Wolf looks to China, U.S.

  • 2010-10-13
  • From wire reports

TALLINN - Wolf Group, Estonia’s largest maker of building materials, wants to sell its insulation foams and sealants in China and the U.S. for the first time to reduce dependence on neighboring Russia, where it is the market leader, reports Bloomberg. The Tallinn-based company, which exports brands such as Krimelte and Penosil to more than 30 countries, is “actively working” to enter the Chinese market where it sees opportunities in higher-end products, Chairman Jaan Puusaag said in an interview.

“It is a matter of ‘when,’ not ‘if’ we enter the Chinese market,” Puusaag said. “Some markets have higher entry barriers. We still don’t have all the necessary certificates for U.S. entry after two years of work.”
Construction foam is among the biggest exports in Estonia, where Germany’s Henkel, the owner of the Makroflex brand, also has a plant. Estonia was the third-biggest global producer of polyurethane insulation foams in 2007 with 45 million bottles produced, behind China and the U.S., which produced 60 million bottles and 50 million bottles, respectively, Puusaag said. China’s output has probably grown since then, “but likely not multiplied.”

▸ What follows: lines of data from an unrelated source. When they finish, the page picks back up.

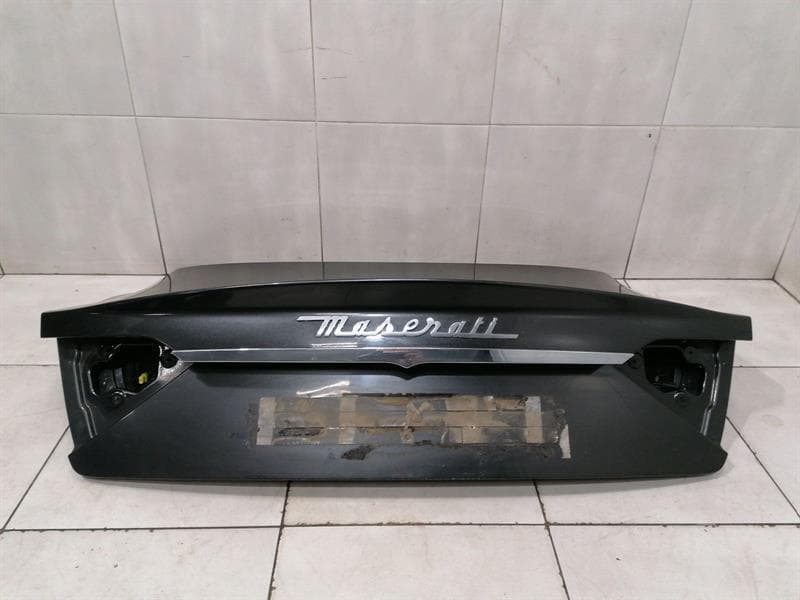 MASERATI MASERATI GRANTURISMO M145 boat Lid 80562800 tailgate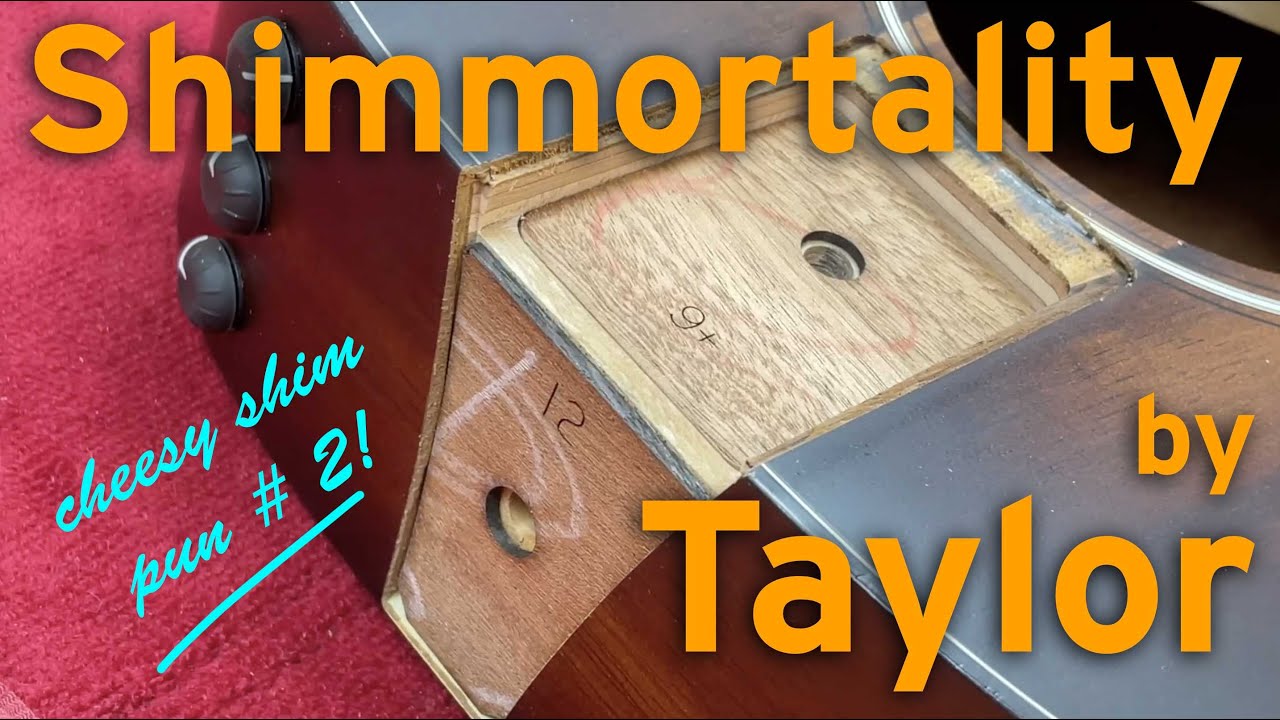Taylor GS Mini e Plus Koa set up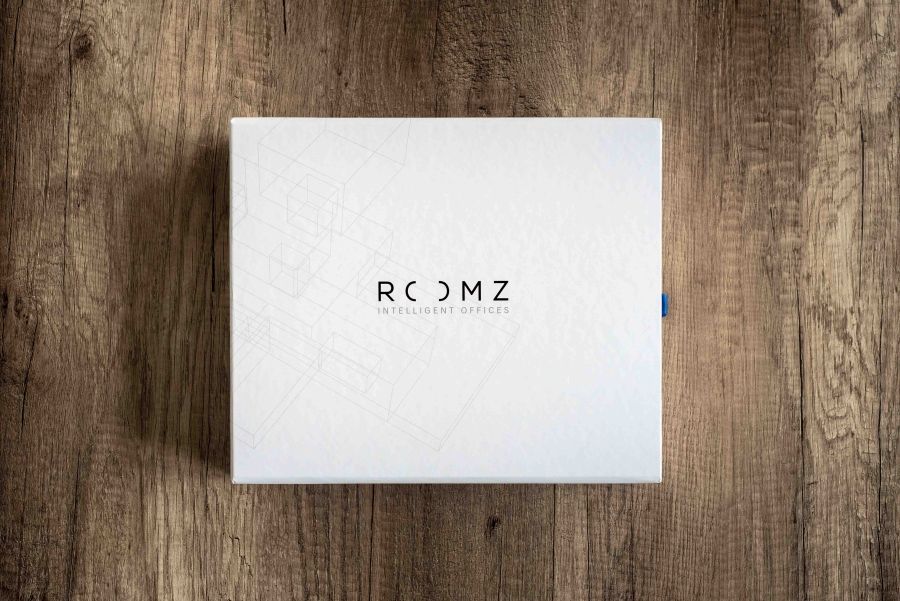 ROOMZ Experience Box BLACK inkl subscription 1 Jahr ROOM Basic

Wolf Group aims to grow by 50 percent in the next three years after returning to annual sales of “about” 1 billion kroons (64.1 million euros) this year, the level it first achieved in 2008.
“Two years ago we projected that we will recover to previous levels of revenue and profits in two years and that we will grow 50 percent in five years from then,” Puusaag said. “We were able to foresee there will be a slump, and what will happen after that, and the forecast has held up rather well.”

Russian sales make up about 70 percent of the group’s total, Puusaag said. The company has a market share of about 23-25 percent in Russia, including private label products, he said. The neighboring country’s building market was able to weather the global credit crisis “relatively quickly,” in part due to rising oil prices and limited use of credit in construction.
“Of course we are trying to reduce dependency on Russia through global expansion but there is no getting away from the fact that Russia is a huge market,” Puusaag said. “You can feed a wolf as much as you want, but it won’t become a bear.”
Wolf is among the five biggest producers of foams and sealants in Europe, with a market share of about 10 percent, he said.

The global economic crisis hasn’t had a “noticeable” effect on the construction sector in the Nordic countries due to government support measures, while the building industry is starting to stabilize in the Baltic and Balkan countries where no such measures were used, Puusaag said. The U.K. has coped with the crisis “very well,” while demand in Germany remains at “modest levels not much different from before the crisis,” he added.
Puusaag said he wouldn’t rule out listing the company, although there is no need to sell shares to the public “at present.”